TASK BRIEF: The required answer is an exact copy of the lines from the one containing "Routes API for" to the end of the listing, both included, without any pictures.

DATASET EXTRACT:
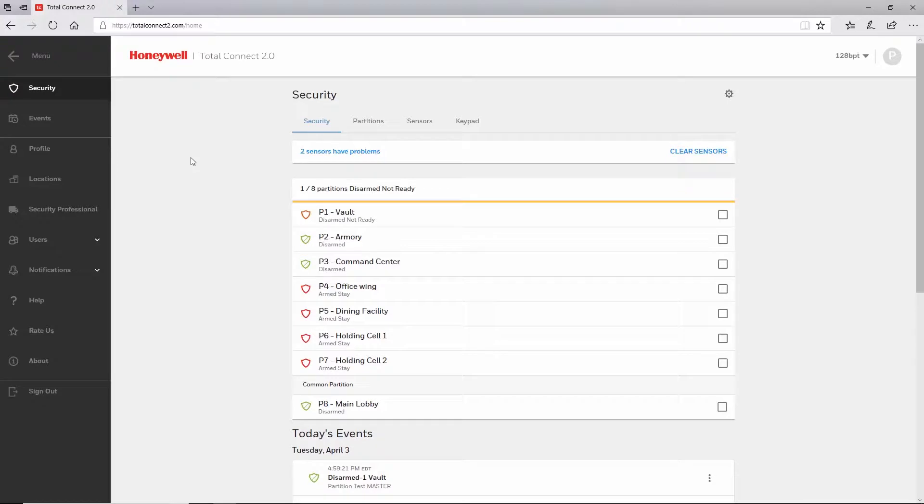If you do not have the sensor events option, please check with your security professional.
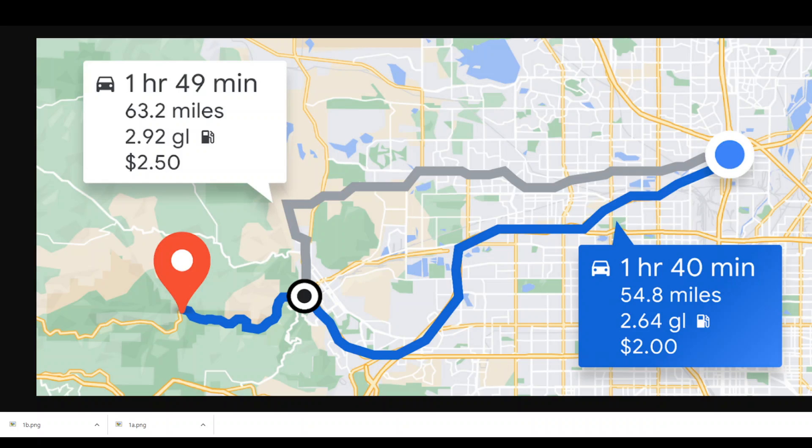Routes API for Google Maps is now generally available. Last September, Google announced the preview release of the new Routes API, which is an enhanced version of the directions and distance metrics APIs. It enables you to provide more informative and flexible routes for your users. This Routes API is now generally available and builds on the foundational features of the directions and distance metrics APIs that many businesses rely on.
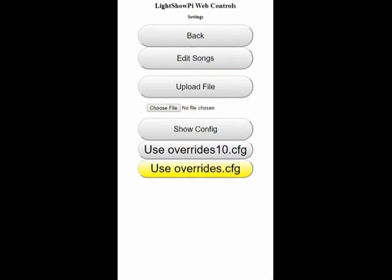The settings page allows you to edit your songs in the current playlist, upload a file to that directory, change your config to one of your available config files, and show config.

TASK RESULT:
Routes API for Google Maps is now generally available. Last September, Google announced the preview release of the new Routes API, which is an enhanced version of the directions and distance metrics APIs. It enables you to provide more informative and flexible routes for your users. This Routes API is now generally available and builds on the foundational features of the directions and distance metrics APIs that many businesses rely on.
The settings page allows you to edit your songs in the current playlist, upload a file to that directory, change your config to one of your available config files, and show config.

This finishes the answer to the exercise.